The UK is once again gripped by “gold fever.” Prices of the precious metal smashed through fresh all-time highs last week, with silver close behind. In times of geopolitical mayhem and economic wobble, gold gleams brightest. For many Britons, the question is not whether to own it, but how.
For some, the answer lies in Sovereigns and Britannias — coins as British as bulldogs and warm beer. Eamonn Prendergast, a chartered financial adviser at Bromley-based Palantir Financial Planning, notes that these coins come with the handy perk of being exempt from Capital Gains Tax. “But not all coins are equal,” he warns. Some attract keen collectors, others are barely worth more than their melt value. One of his clients, forced to sell in a hurry, found big dealers offering a pittance. In the end he turned to eBay, but it took months to shift the collection. Coins can be lucrative, but they are hardly liquid.

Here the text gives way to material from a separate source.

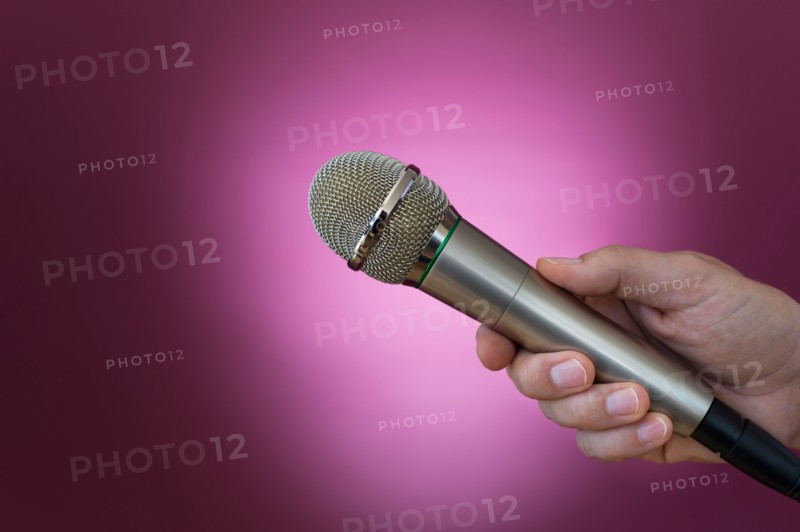 Hand holding microphone.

By contrast, exchange-traded funds (ETFs) offer investors speed and simplicity. Prendergast calls them “the simplest option” — cheap, flexible, and easy to tuck inside an ISA or SIPP, neatly shielding gains from the taxman. ETFs are the slick, modern way to ride gold’s rally; but they lack the romance of a jangling pouch of Sovereigns.
What about jewellery?
On the selling side, Jim Tannahill of Suttons and Robertsons says now is the time to rummage through the jewellery box. “With gold hitting a record high, it’s a good time to sell broken jewellery or unwanted coins,” he says. But sellers must be canny. Know your purity (9ct? 18ct?), weigh it yourself, and understand the difference between scrap and resalable. A branded bracelet can be worth more than the gold inside it. And don’t expect the full spot price: dealers take their cut, often around ten per cent. As for those postal “cash-for-gold” services? Best avoided.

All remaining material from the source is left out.